We know we are to add this sum because the verb ברא and the prepositions את and ואת indicate addition in the ancient system.
Let us look closely at the first word:
בראשית = 220 (b.g)
If we iterate the sum through each word letter by letter:
ב בר ברא בראש בראשי בראשית = 2000 (r.c).
Let’s multiply it!
(b.g) ב × ר × א × ש × י × ת = 48000
When the word for “heavens” is iterated:
ה הש השם השמי השמים = 217 (b.g)
The sum of the last three nouns with biblical gematria is:
אלהים + השמים + הארץ = 480.
(Note: 480 minutes is 8 hours).
This calculation produces the sum of 777 with the standard cipher, which is the sum of the days of the week, and the three columns of the seven palaces, among other things.
ראשון שני שלישי רביעי חמישי שישי שבת = 777
And let’s consider the last three nouns when iterated all at once:
א אל אלה אלהי אלהים + ה הש השם השמי השמים + ה הא האר הארץ = 930.
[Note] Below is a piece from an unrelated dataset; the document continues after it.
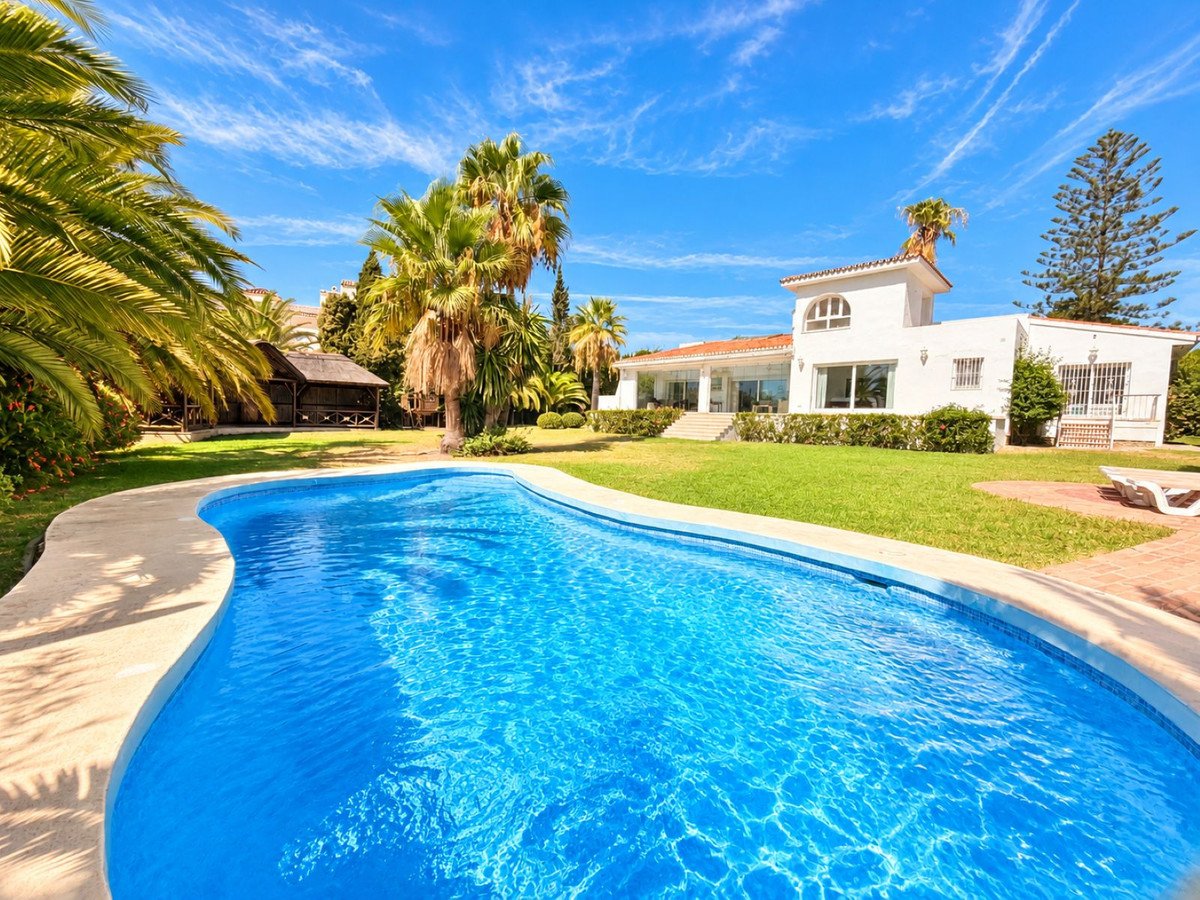 5 Bed Villa indipendente in El Paraiso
There is almost total correspondence between the math of 1:1 and the major gate values of the seven palaces . 220 is the sum total of the letters in the Yod section. 217 is the sum total of the letters in the first Heh section. 480 is the sum total of the letters in the Vav section, and 93 is the sum of the final Heh. 217 is also the sum total of each of the seven palaces: באארדדה , and it is 7 × 31, whereas 93 is 3 × 31, which is significant as אל (God) = 31.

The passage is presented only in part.